Could you copy each line of the entries that contains "professional"?

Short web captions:
════════════════
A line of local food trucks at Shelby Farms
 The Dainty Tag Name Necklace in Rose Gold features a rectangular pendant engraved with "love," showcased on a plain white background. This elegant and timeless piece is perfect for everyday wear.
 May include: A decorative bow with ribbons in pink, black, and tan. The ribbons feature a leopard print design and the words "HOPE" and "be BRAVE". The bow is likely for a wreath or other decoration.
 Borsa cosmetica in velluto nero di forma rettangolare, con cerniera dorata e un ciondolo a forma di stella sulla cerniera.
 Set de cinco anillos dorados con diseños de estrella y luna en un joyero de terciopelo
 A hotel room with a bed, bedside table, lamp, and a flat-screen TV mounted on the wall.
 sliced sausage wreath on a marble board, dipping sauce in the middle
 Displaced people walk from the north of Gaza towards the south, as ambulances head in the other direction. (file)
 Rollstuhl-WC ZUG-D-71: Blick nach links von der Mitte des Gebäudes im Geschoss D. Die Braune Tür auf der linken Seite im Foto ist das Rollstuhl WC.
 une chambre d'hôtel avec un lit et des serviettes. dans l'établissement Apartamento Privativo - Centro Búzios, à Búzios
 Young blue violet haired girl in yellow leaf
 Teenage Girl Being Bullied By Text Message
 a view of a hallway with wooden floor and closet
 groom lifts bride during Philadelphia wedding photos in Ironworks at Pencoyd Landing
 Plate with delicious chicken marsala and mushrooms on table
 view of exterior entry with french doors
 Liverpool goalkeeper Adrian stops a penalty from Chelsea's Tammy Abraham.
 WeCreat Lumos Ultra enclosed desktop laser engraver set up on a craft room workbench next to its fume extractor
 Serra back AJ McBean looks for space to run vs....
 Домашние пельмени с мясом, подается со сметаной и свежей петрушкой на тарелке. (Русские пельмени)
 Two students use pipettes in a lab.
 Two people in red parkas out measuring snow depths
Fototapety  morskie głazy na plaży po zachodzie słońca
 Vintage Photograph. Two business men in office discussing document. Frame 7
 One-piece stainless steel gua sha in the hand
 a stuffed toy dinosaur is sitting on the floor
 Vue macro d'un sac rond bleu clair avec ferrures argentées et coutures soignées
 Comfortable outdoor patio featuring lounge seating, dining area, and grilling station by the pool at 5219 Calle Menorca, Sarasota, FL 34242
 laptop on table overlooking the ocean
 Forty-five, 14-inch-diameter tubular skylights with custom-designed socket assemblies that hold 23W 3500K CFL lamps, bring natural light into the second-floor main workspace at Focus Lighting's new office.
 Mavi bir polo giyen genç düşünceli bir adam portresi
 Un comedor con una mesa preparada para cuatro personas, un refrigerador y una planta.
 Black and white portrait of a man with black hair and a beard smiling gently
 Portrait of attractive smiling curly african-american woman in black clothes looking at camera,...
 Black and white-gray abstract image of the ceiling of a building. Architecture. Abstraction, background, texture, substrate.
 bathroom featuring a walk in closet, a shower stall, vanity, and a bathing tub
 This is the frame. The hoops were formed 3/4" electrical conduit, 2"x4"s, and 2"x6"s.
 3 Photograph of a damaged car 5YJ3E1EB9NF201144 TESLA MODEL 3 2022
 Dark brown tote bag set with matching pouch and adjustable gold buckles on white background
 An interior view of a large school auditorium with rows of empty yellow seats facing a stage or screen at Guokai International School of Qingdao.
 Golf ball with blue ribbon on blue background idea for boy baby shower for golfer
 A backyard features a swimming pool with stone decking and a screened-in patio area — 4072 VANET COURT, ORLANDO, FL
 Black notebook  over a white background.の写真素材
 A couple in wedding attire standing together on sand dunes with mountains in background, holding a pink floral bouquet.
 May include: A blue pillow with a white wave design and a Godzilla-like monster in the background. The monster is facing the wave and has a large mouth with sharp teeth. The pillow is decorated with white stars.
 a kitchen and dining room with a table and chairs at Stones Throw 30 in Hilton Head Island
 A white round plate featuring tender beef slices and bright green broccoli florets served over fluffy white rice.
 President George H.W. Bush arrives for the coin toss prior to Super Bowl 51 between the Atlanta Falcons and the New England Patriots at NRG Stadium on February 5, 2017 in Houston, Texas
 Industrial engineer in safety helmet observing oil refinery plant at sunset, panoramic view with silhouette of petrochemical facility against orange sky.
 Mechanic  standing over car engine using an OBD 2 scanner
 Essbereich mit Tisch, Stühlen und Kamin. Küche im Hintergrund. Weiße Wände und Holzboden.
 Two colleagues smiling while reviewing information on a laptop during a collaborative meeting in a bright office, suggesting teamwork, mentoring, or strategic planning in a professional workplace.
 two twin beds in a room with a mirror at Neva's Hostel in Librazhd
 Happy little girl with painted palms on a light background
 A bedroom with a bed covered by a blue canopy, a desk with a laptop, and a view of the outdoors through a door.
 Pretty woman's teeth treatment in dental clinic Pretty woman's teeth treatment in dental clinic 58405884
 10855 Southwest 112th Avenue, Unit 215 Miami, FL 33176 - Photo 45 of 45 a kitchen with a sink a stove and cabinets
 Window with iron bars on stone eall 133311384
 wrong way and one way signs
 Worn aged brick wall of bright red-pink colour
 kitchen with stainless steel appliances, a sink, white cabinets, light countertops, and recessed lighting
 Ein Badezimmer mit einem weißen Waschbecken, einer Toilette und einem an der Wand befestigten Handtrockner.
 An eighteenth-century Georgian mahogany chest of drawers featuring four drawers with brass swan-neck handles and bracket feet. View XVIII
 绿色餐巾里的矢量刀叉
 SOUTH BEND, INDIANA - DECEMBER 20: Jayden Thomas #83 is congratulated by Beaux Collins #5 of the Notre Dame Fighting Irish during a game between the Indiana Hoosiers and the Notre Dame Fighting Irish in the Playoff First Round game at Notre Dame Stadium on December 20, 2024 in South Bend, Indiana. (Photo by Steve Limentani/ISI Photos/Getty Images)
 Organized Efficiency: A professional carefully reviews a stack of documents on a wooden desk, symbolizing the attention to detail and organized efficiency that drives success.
════════════════
> EXERCISE SOLUTION
 Two colleagues smiling while reviewing information on a laptop during a collaborative meeting in a bright office, suggesting teamwork, mentoring, or strategic planning in a professional workplace.
 Organized Efficiency: A professional carefully reviews a stack of documents on a wooden desk, symbolizing the attention to detail and organized efficiency that drives success.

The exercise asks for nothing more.